C'est l'histoire d'un cinéaste qui souhaite adapter la pièce d'Edward Bond, "Dans la compagnie des hommes ". Il convoque les acteurs pour des essais et des répétitions qu'il filme en vidéo. Puis vient l'adaptation en 35 millimètres : Leonard est le fils adoptif de Jurrieu, un important dirigeant d'entreprise. C'est l'histoire de quelques hommes de pouvoir et de la guerre qu'ils se font. Leonard est plongé au cur d'un combat financier, qui oppose deux hommes d'affaires, son père adoptif, Jurrieu, qui contrôle un groupe industriel d'armement et Hammer, patron d'une grande chaîne de distribution internationale. Léonard devient l'instrument d'un stratagème orchestré par Hammer. Il plonge dans le piège, mais l'issue du complot échappe à toutes les prévisions des stratèges...
Critique de
Pierre Murat pour Télérama:
"
Dès son moyen métrage, La Vie des morts, on mesurait
le goût d'Arnaud Desplechin pour les histoires de famille. Et dès
La Sentinelle, son premier long métrage,
sa terreur devant ces organisations secrètes qui, sous la bienveillante
protection d'un univers pactisant avec le diable, manipulent les corps et
perdent les âmes.
Pas étonnant, donc, qu'il ait été fasciné par la pièce d'Edward Bond, La Compagnie des hommes, qui cumule ces deux thèmes. A la fois la lutte d'un jeune homme, Léo (Sami Bouajila, surprenant comme jamais), pour exister aux yeux de son père adoptif, haï parce que trop aimé (Jean-Paul Roussillon, excellent, comme toujours). Et aussi la peinture d'hommes d'affaires manipulant sans fin plus faible et plus naïf qu'eux, avec pour seule arme la brutalité et, pour les plus désespérés d'entre eux (comme William, interprété par Hippolyte Girardot), la honte d'une pureté perdue.
Les personnages de Bond sont des monstres froids. " Je ne me fais pas confiance à moi-même et je ne connais que la moitié de ce dont je suis capable ", dit l'un d'eux.

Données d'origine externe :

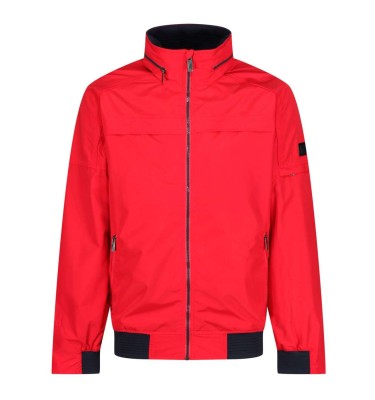WATERPROOF FINN JACKET
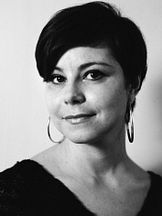 foto de Mounia Meddour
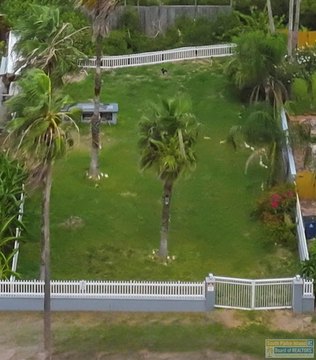 Residential Lots South Padre Island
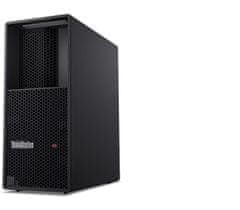 Lenovo ThinkStation P3 Tower, černá (30GS003PCK)
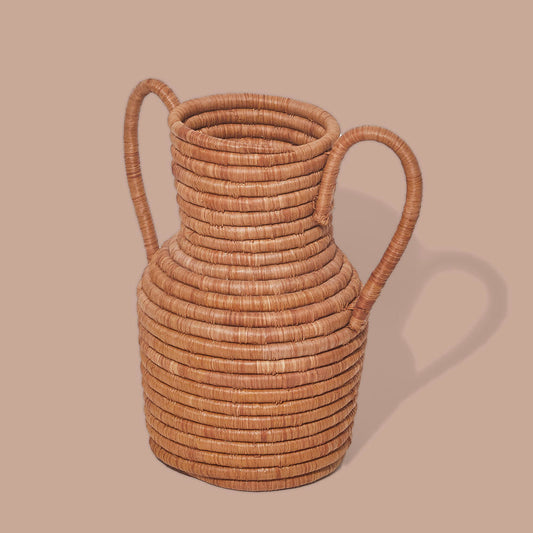 Isi Double Handle Jug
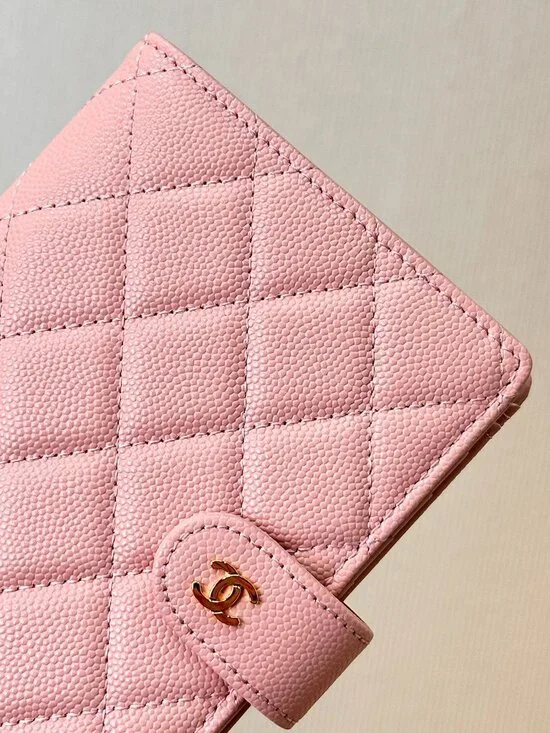 Chanel wallet🥀 - Picture 2 of 8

Dans ce monde sans pitié ni pardon, on se trahit allègrement, mais " avec toute la méchanceté d'un coeur pur". Chez ces gens-là, la pire faute, c'est l'innocence. Cette noirceur absolue, Desplechin la traite avec une angoisse visible (son film est un thriller métaphysique) et une dérision absolue. D'où des épisodes apparemment incongrus (les récits plus ou moins mensongers de Jonas, le domestique de Léo et de son père) qui brisent constamment le récit. Et "parce que ça manque de filles" (dit-il lui-même dans le film), Desplechin introduit " chez le plus shakespearien des auteurs anglais contemporains " un personnage de Hamlet, à savoir Ophélie (qu'interprète une Anna Mouglalis pas très à l'aise). On passe donc d'Edward Bond à Shakespeare, des répétitions qui précèdent le tournage au film lui-même. Va-et-vient qui pourrait devenir vain s'il ne créait pas, à chaque instant, un trouble supplémentaire. Une incertitude de plus entre la vérité et le mensonge.
Avec rage, Desplechin reflète l'hystérie des personnages. Son audace paie. Il réussit à peu près tous ses paris : utiliser presque tout le temps la caméra à l'épaule, par exemple. Multiplier les ellipses brutales, à l'intérieur d'une même scène. Pour mieux prendre son temps, parfois, dans la lente progression de la cruauté. On songe à l'ultime duel entre Léo et Jonas, le maître et le serviteur, où l'un, moyennant finances, veut forcer l'autre à le tuer. Pure scène d'angoisse que Desplechin filme comme un ballet funèbre (un pas en avant, deux en arrière).
L'évacuation de tout ce qui est humain en l'homme aboutit alors à
une farce absurde et pitoyable où l'exécuteur rejette sur sa
future victime le Mal qu'il s'apprête à commettre. Extérieurement,
c'est donc un thriller sur le pouvoir et l'argent. Plus profondément,
une méditation sur les passions, les mensonges et les faiblesses des
morts vivants que nous sommes. Une fois encore, Arnaud Desplechin pose un
regard désolé sur des êtres qui dévorent les autres
sans s'apercevoir que c'est eux-mêmes qu'ils tuent.
"
Pierre Murat
Arte présente en avant-première ce film le mardi 27 janvier avant sa sortie en salle le lendemain, le mercredi 28 janvier.